Ci ha pensato lo stesso presidente Lamberto Cardia a prolungare di almeno un paio di settimane la sua iper-proroga al vertice della Consob: mettendo in calendario la lettura della sua relazione annuale a lunedì 28 giugno a Milano, ha fissato un termine minimo per la nomina del suo successore. Che resta incerta non solo nel nome, ma anche nei tempi e nei modi: se è vero (lo riferiva ancora ieri sera l’agenzia Radiocor) che non sono del tutto cessati i tentativi di garantire a Cardia anche solo qualche mese ancora di permanenza formale al vertice della Commissione. Il presidente uscente – nel frattempo – sta producendo il massimo sforzo per apparire “in charge”: allo convention annuale dello Iosco (la federazione mondiale delle authority di Borsa) in corso a Montreal, Cardia ha presentato un dossier congiunto con il leader della britannica Fsa Adair Turner su una vigilanza più stretta sugli hedge fund. Ma – esattamente com’è stato per la pretesa “vittoria” della Consob nella nomina dell’italiano Stefano Jerusalmi nel board del London Stock Exchange, il dibattito accidentato sulla ri-regulation globale difficilmente può sospendere il serratissimo confronto nazionale, tra Roma e Milano, sul “rebuilding” della Consob.

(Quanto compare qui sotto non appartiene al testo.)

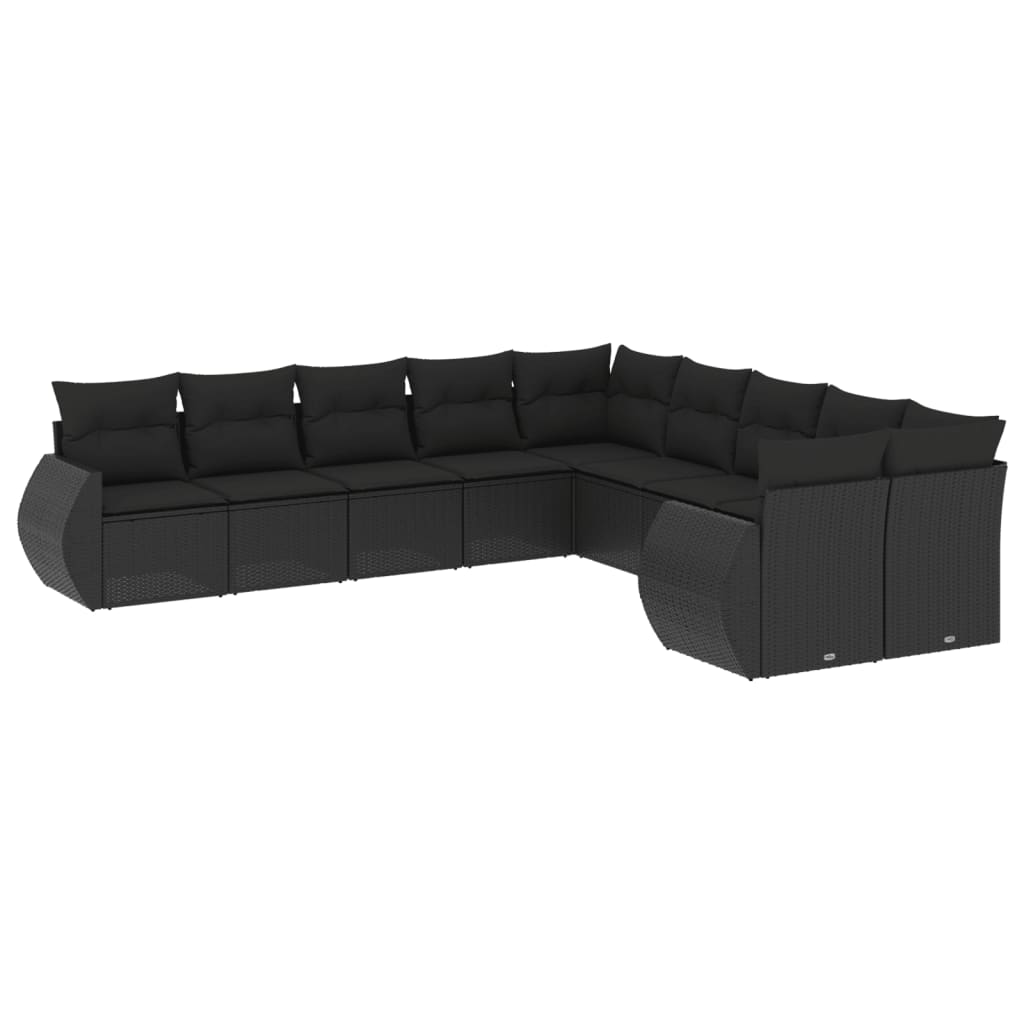 vidaXL Salon de jardin 10 pcs avec coussins Noir Résine tressée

Già un paio di settimane fa questa nota ha segnalato il forte contorno politico dell’impasse-Consob, caratterizzato anzitutto dalla volontà del sottosegretario alla Presidenza Gianni Letta di mantenere un diritto quasi personale di nomina sull’authority: in chiave di protezione della tecnocrazia romana e di resistenza flessibile al tendenziale rafforzamento “nordista” del ministro dell’Economia Giulio Tremonti, sull’onda delle recenti affermazioni elettorali della Lega. C’è Letta dietro la “proroga di fatto” di Cardia, al suo tredicesimo anno da commissario, al suo settimo da presidente. E c’è sempre il sottosegretario alla Presidenza (leader dell’ala capitolina e statalista del Pdl berlusconiano, un po’ indebolita dalle inchieste G8) a sostenere candidature come quella del presidente dell’Antitrust Antonio Catricalà o del presidente uscente della Corte di Cassazione, Vincenzo Carbone.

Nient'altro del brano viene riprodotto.